Я с детства любил читать: сначала сказки, потом фантастику, потом мистику, ну, и классику, само собой, лет с пятнадцати зачитывался поэзией, особенно, декадентами и символистами. Брат же не читал ничего, кроме справочников и руководств, да и тех прошло через его руки совсем немного. Особенно ценил здоровенный увесистый том медицинской энциклопедии, хотя призвания к медицине не чувствовал, энциклопедия увлекала его, прежде всего, описаниями всевозможных патологий.

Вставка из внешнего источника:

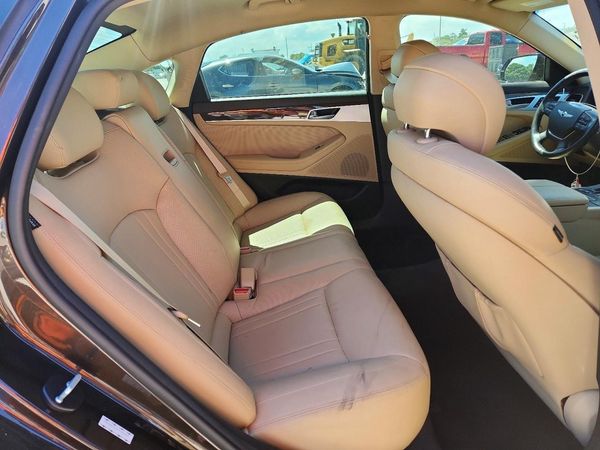 2017 GENESIS G80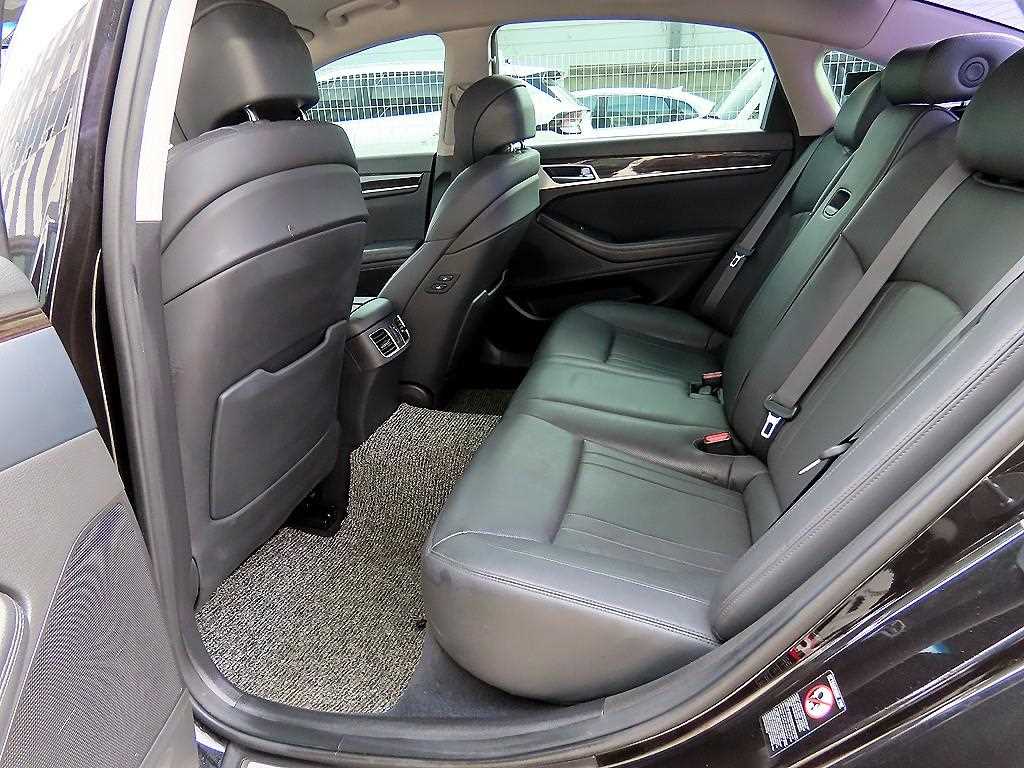 Genesis G80 - Vista 6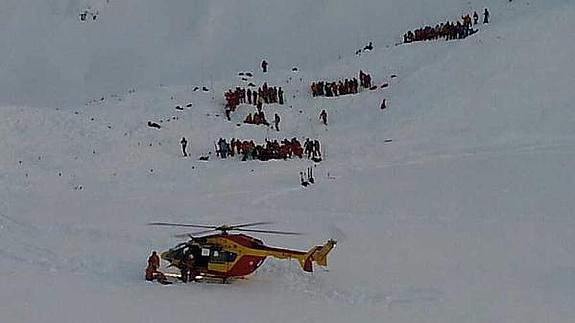 Imágenes del rescate en los Alpes.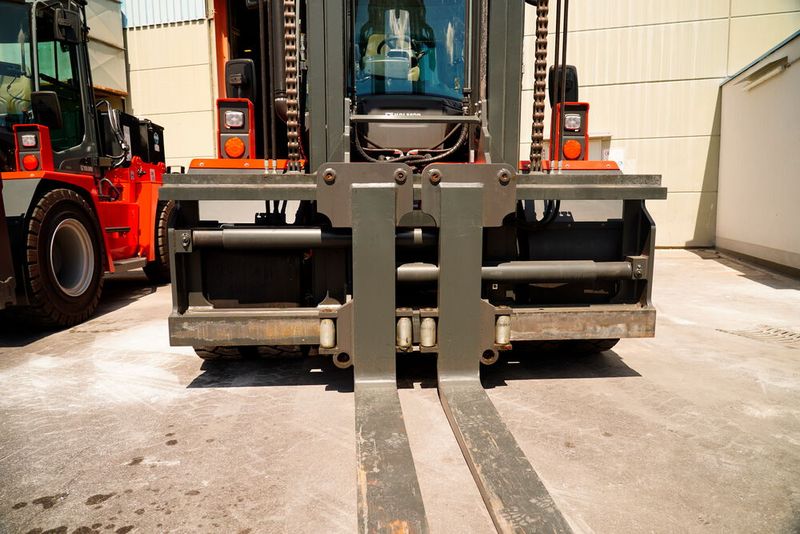 Blick auf ein Klammergerät mit rollengeführten Gabeln. Mit diesem System könnten die schweren Brammen von VDM Metals für die Verladung sicher aufgenommen werden. (Bild: Kalmar)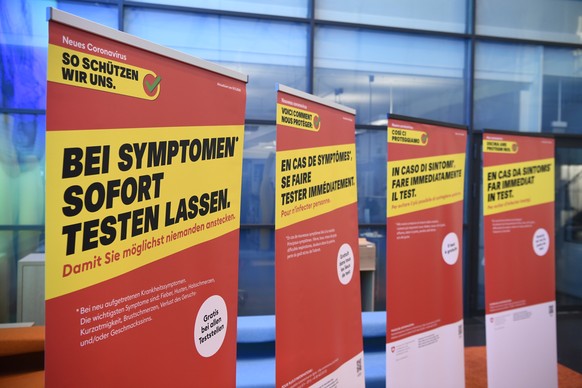 Die neuste Praeventionskampagne des BAG steht im Vorraum des Medienzentrums vor einem Point de Presse zum Coronavirus mit Fachexperten des Bundes, am Freitag, 20. November 2020 im Medienzentrum Bundes ...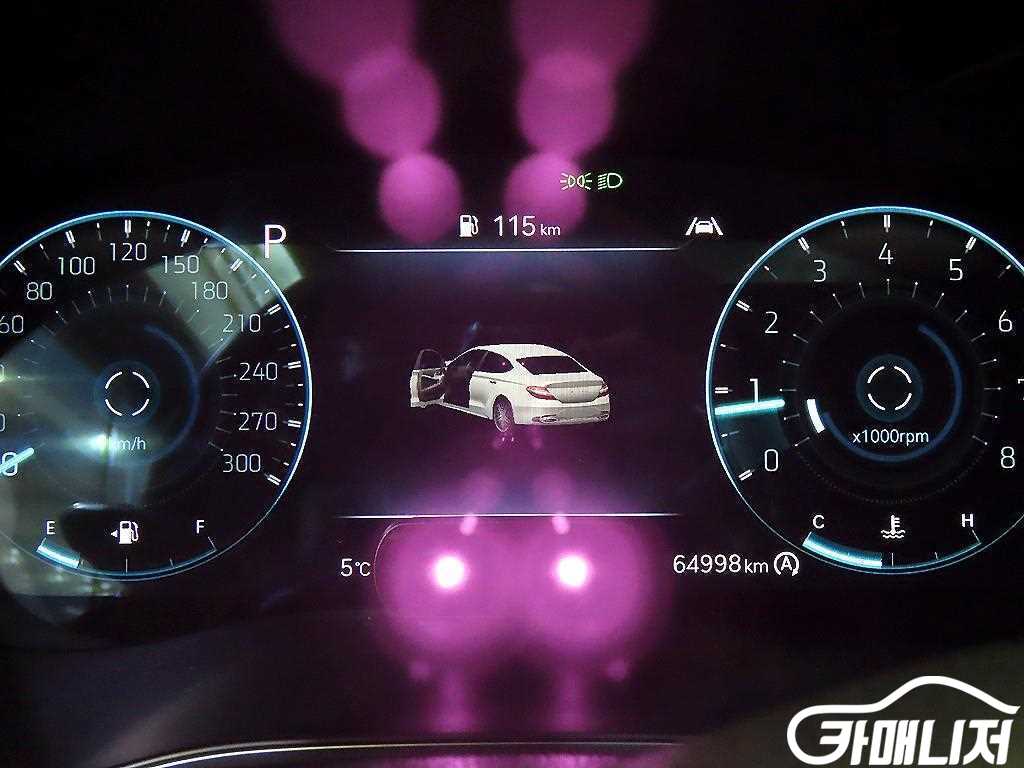 Genesis G70 The New G70 Gasoline 2.0T 4WD thumbnail 9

Когда я ушел в армию, брат отмазался от призыва, мастерски симулировав заковыристое нервное расстройство, симптомы которого вычитал в медицинской энциклопедии, а потом в точности воспроизводил их перед врачами.
Я родился на несколько минут раньше — был формально старший, и родители внушали нам, что старший — я, а младший — он. Усвойте и не забывайте. Простая схема, которая была для них так важна. Отец ведь любил все раскладывать по полочкам, строить всех по ранжиру. Иначе и не мог смотреть на мир, как только через сетку координат, определявших точные фокусные расстояния до всякого предмета и явления. Мать, конечно, во всем его поддерживала.
Но постепенно я, старший брат, осознал, что Игорь не потому вслед за мной явился на свет, что был младше. Нет, он пропустил меня вперед, до времени затаившись и выжидая. Как сильные и властные запускают в опасное пространство, прежде всего, более слабого и малоценного, кого не жалко. Такое ощущение подспудно вызревало у меня годами, проведенными с ним бок о бок.
Вернувшись из армии и устроившись на работу в сюрвейерскую компанию, я тут же съехал от родителей, оставив их с Игорем в трехкомнатной квартире. Тогда, во второй половине девяностых, в сюрвейерских компаниях прилично зарабатывали даже простые тальмана. Так что жил безбедно, к тому же через несколько лет из тальмана стал инспектором, хотя не имел высшего образования.
Отец меня искренне не понял, ему казалось, это так непрактично — платить за съемное жилье, когда в родительском гнезде пустует твоя комната, отдельная, в которой можно, если что, и на ключ запереться, этакая «мой дом — моя крепость». Отец все-таки плохо знал Игоря, поэтому не понимал моих мотивов.
Уже с четырнадцати лет я мечтал сбежать подальше от брата — особенно, после истории со стариком-инвалидом.
Странная история. Жуткая. В такое вляпавшись однажды, потом дорого захочешь заплатить, лишь бы вытравить все это из памяти.